Smart cities and social innovation

03.02.2014 Blog

In a recent study for the European Parliament (EP) , DTI and partners analysed the extent and role of so-called ‘smart cities’ in Europe, defined broadly as cities seeking to address public issues using inter alia ICT-based solutions on the basis of multi-stakeholder, municipally based partnerships. This is to be seen in the context of the overriding goals of the European smart city movement as generating both economic prosperity and social wellbeing for city inhabitants.

An attempt to apply social innovation concepts and approaches to the smart city bandwagon is now taking place. It is realised that much of the focus of the smart city movement to date, in which the city authorities and other organisations deploy sensors, networks, data and data analytics to improve the efficiency and effectiveness of urban systems (like transport, utilities, etc.) and services, is only half the story. From this perspective on its own, there is the danger of a one-size fits all, top-down view of urban development. The diverse needs of the inhabitants as individuals, households, neighbourhoods, communities, organisations and businesses – that bring the city to life -- are just as important. Thus, any adequate model for the smart city must also focus on the smartness of its citizens and encourage the processes, and especially social innovation processes, that make cities important: those that sustain very different – sometimes conflicting – activities. Cities are, by definition, engines of diversity, so focusing solely on streamlining utilities, transport, construction and unseen government processes can be massively counter-productive. This is in much the same way that the 1960’s penchant for social-housing in tower blocks, based on their apparent economic efficiency in Le Corbusier style, was ultimately found to be socially and culturally unsustainable and highly damaging. See also Usman Hague’s article “Surely there's a smarter approach to smart cities?”, 17 April 2012.

Instead, smart cities will be smart because their citizens have found new ways to craft, interlink and make sense of their own and each other’s assets, data and other resources.

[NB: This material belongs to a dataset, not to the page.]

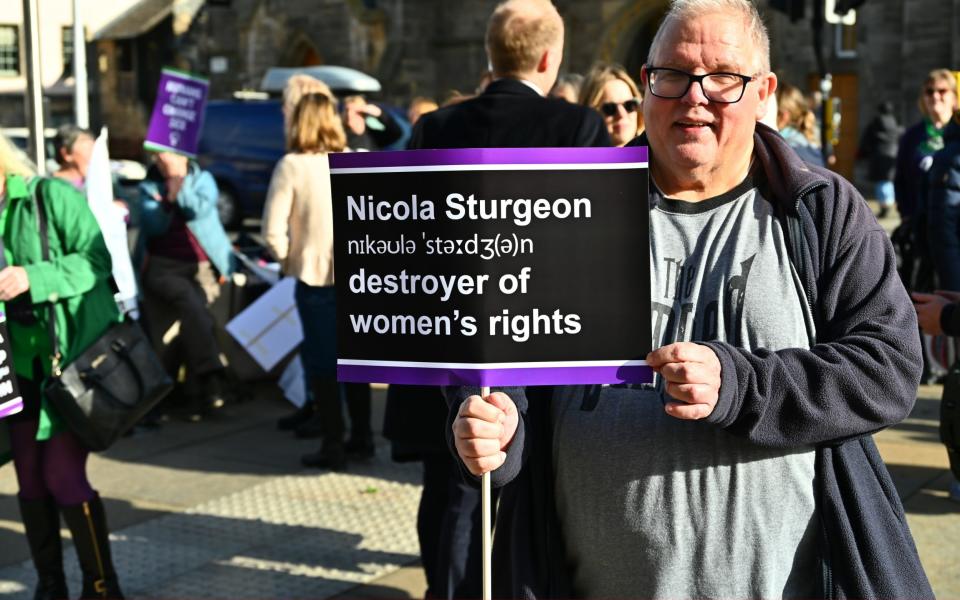 Protesters gathered outside Holyrood to protest against the Gender Recognition Reform (Scotland) Bill - Getty Images Europe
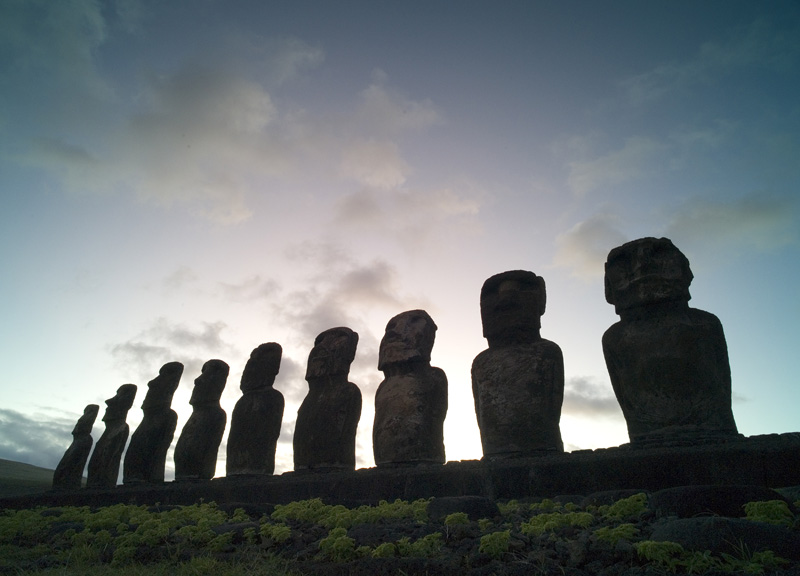 Moai, early morning, Ahu Tongariki.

The EP study showed that currently one of the most common types of so-called smart city initiatives across Europe is, in fact, about ‘smart neighbourhoods’, and is especially concerned with using data and coordinating local assets of all types to improve the lives of local inhabitants in terms of improved physical environments, mobility as well as community cohesion to tackle many of their own problems. Indeed, the conclusions of the EP study are that inclusion and participation are important targets for successful smart city programmes to avoid polarisation between the urban elite and low income areas. The study’s case studies highlight that it is often inspiring leaders (‘city champions’) behind many successful initiatives, many of whom are local activists. In the most successful cases, citizens are being empowered through active participation to create a sense of ownership and commitment, so it is important to foster participative environments that facilitate and stimulate citizens, businesses and the public sector to contribute.

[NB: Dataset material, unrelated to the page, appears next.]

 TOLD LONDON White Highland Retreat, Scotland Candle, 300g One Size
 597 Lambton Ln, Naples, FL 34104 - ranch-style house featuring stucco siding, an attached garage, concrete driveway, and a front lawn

The strategic objective of the most successful smart neighbourhood projects in European to date is to develop better public services hand-in-hand with community cohesion. This is based on input from citizens obtained by providing ideation platforms to develop a better city (e.g. the Amsterdam Smart City Platform), or competitions to take advantage of open public data to develop apps, useful data mash-ups or new services. This includes ICT-enabled citizen participation open data strategies, crowdsourcing and co-creation platforms. For example, the city of Helsinki, Finland, is finding new ways to encourage developers to exploit open data in order to create digital services and useful applications for and with citizens. One underlying theme of the Helsinki project is transparency of city decision-making and enabling better feedback from citizens to civil servants. Smart city services are thereby tested in the Helsinki Metropolitan area as part of people’s everyday life.

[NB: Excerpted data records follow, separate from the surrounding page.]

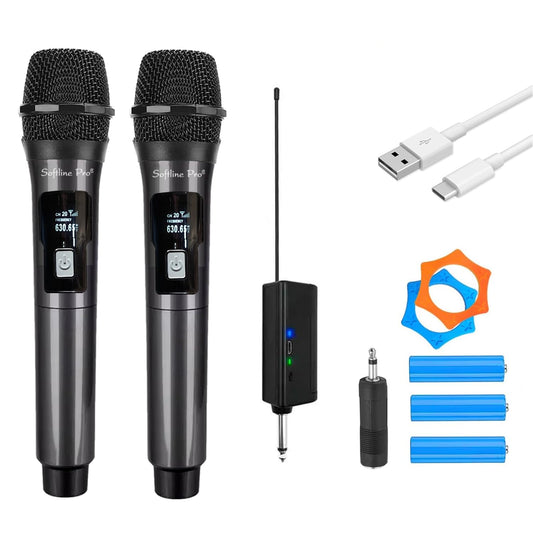 Buy UHF dual wireless microphone, 
Softline Pro SP DHWL MIC-DG Dual UHF Wireless Microphones with Receiver and Accessories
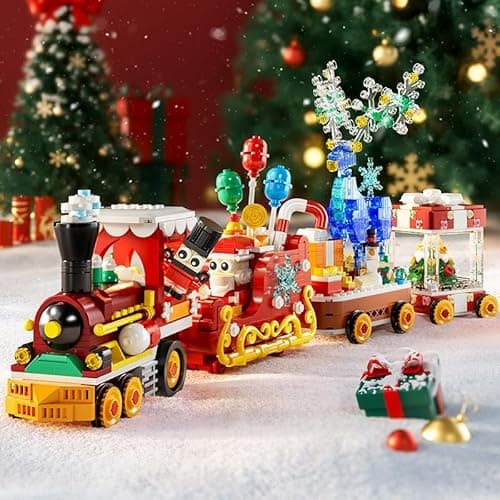Christmas Train Building Block Set-1461PCS Surprise Christmas Countdown Toys with LED Light Collectible Holiday Block Sets Thanksgiving Xmas Gifts Home Decor for Boys Girls and Adults - Thumbnail 6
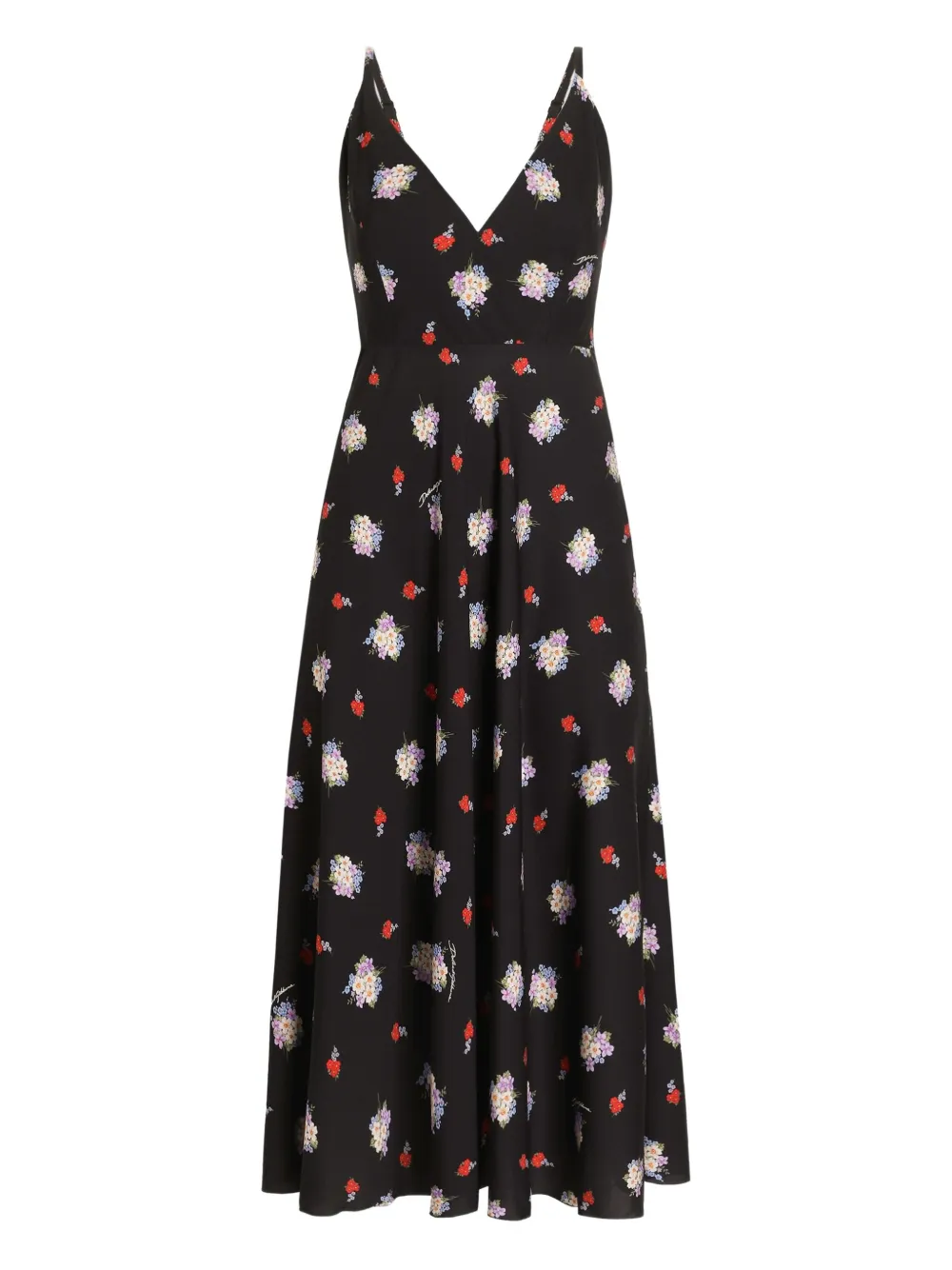 Dolce & Gabbana Floral-print Midi Dress In Black
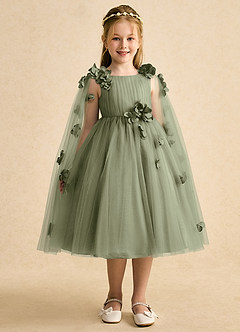 Azazie Staria Abiti da Ragazza di Fiori Abito Principessa in Tulle Increspato Pistacchio image6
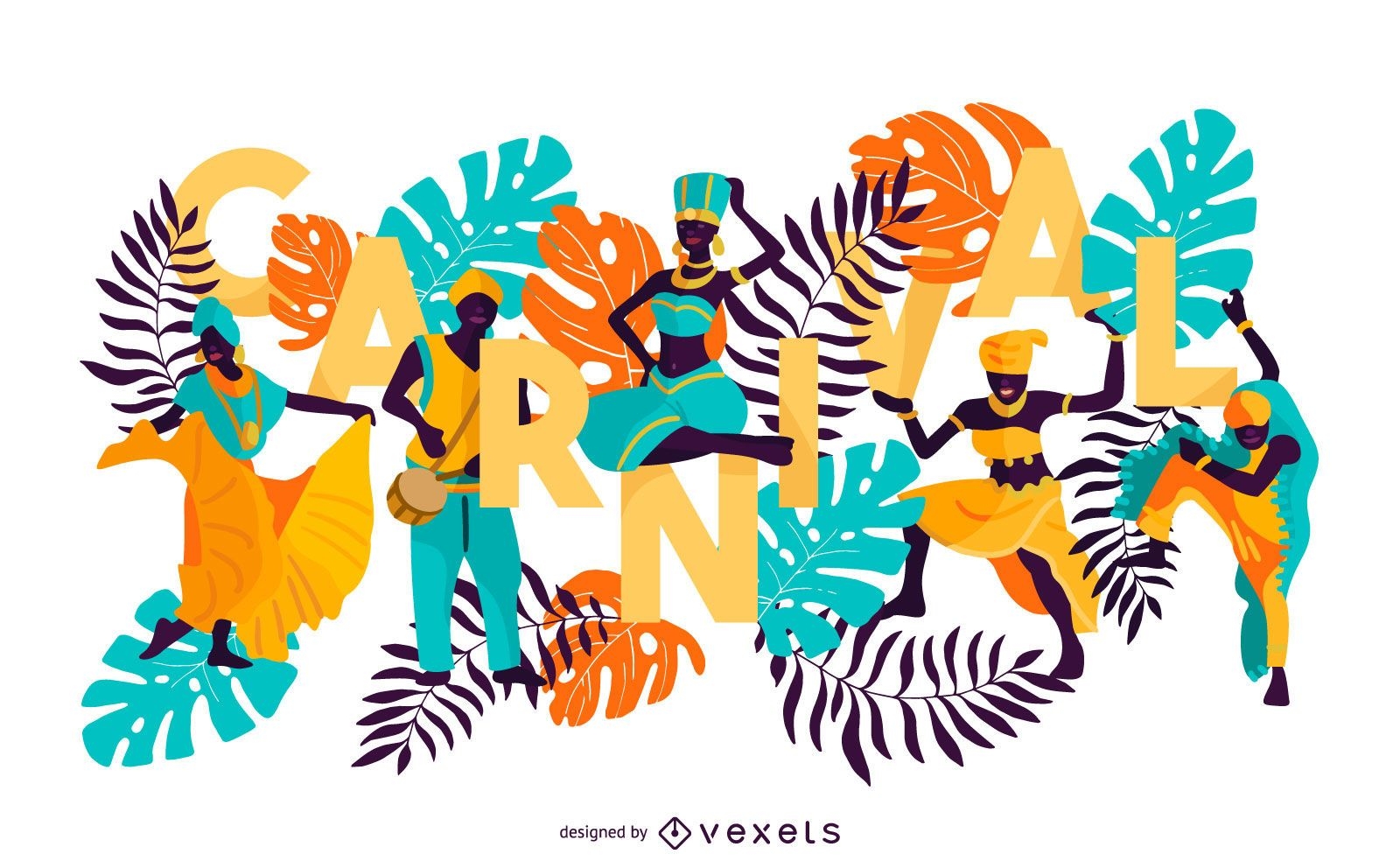 Diseño de letras coloridas de carnaval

European ‘smart neighbourhoods’ are overall seen as very localised smart city initiatives typically focusing on sustainable environments, mobility and better living. Examples include:

These neighbourhood-scale smart cities, typically with between 10,000 to 40,000 inhabitants, are implemented either on green field (i.e. completely new) sites or as retrofitted development projects. They are usually used to expand city capacity and boost social and economic development by showcasing the city as a tech and sustainability frontrunner. The projects are holistic, representing complete visions of a future smart city but on a smaller scale. They are, therefore, intended for later scaling up to city level at least.